• _Required action_
Before anything else, copy every record below exactly as it stands.

____ Provided data

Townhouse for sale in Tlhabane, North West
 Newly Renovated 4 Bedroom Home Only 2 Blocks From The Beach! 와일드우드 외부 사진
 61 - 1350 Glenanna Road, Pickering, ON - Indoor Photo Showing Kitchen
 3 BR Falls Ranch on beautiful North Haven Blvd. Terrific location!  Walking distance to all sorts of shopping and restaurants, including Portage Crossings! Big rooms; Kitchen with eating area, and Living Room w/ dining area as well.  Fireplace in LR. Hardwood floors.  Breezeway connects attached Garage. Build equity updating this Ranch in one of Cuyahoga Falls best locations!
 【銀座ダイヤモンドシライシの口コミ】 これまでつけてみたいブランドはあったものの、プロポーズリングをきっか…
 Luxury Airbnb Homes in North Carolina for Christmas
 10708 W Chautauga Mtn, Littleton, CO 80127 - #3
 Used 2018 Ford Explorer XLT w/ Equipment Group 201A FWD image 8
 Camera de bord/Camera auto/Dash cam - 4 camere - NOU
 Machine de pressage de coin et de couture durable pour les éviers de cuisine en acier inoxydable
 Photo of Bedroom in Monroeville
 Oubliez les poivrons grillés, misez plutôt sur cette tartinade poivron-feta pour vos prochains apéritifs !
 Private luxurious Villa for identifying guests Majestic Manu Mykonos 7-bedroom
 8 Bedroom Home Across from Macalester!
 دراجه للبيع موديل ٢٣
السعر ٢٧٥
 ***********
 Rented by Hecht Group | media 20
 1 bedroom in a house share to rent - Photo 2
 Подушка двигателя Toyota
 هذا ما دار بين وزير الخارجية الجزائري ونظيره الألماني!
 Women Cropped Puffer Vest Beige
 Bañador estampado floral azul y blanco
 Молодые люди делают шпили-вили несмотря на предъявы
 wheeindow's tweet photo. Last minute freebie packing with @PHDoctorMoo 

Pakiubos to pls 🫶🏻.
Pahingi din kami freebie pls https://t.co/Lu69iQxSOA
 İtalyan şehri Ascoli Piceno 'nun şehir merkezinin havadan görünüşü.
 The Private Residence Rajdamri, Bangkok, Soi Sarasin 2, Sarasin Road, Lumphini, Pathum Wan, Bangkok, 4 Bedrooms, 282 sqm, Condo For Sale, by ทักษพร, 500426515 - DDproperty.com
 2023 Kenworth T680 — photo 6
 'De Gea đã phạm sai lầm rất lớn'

________

• _Task result_
Townhouse for sale in Tlhabane, North West
 Newly Renovated 4 Bedroom Home Only 2 Blocks From The Beach! 와일드우드 외부 사진
 61 - 1350 Glenanna Road, Pickering, ON - Indoor Photo Showing Kitchen
 3 BR Falls Ranch on beautiful North Haven Blvd. Terrific location!  Walking distance to all sorts of shopping and restaurants, including Portage Crossings! Big rooms; Kitchen with eating area, and Living Room w/ dining area as well.  Fireplace in LR. Hardwood floors.  Breezeway connects attached Garage. Build equity updating this Ranch in one of Cuyahoga Falls best locations!
 【銀座ダイヤモンドシライシの口コミ】 これまでつけてみたいブランドはあったものの、プロポーズリングをきっか…
 Luxury Airbnb Homes in North Carolina for Christmas
 10708 W Chautauga Mtn, Littleton, CO 80127 - #3
 Used 2018 Ford Explorer XLT w/ Equipment Group 201A FWD image 8
 Camera de bord/Camera auto/Dash cam - 4 camere - NOU
 Machine de pressage de coin et de couture durable pour les éviers de cuisine en acier inoxydable
 Photo of Bedroom in Monroeville
 Oubliez les poivrons grillés, misez plutôt sur cette tartinade poivron-feta pour vos prochains apéritifs !
 Private luxurious Villa for identifying guests Majestic Manu Mykonos 7-bedroom
 8 Bedroom Home Across from Macalester!
 دراجه للبيع موديل ٢٣
السعر ٢٧٥
 ***********
 Rented by Hecht Group | media 20
 1 bedroom in a house share to rent - Photo 2
 Подушка двигателя Toyota
 هذا ما دار بين وزير الخارجية الجزائري ونظيره الألماني!
 Women Cropped Puffer Vest Beige
 Bañador estampado floral azul y blanco
 Молодые люди делают шпили-вили несмотря на предъявы
 wheeindow's tweet photo. Last minute freebie packing with @PHDoctorMoo 

Pakiubos to pls 🫶🏻.
Pahingi din kami freebie pls https://t.co/Lu69iQxSOA
 İtalyan şehri Ascoli Piceno 'nun şehir merkezinin havadan görünüşü.
 The Private Residence Rajdamri, Bangkok, Soi Sarasin 2, Sarasin Road, Lumphini, Pathum Wan, Bangkok, 4 Bedrooms, 282 sqm, Condo For Sale, by ทักษพร, 500426515 - DDproperty.com
 2023 Kenworth T680 — photo 6
 'De Gea đã phạm sai lầm rất lớn'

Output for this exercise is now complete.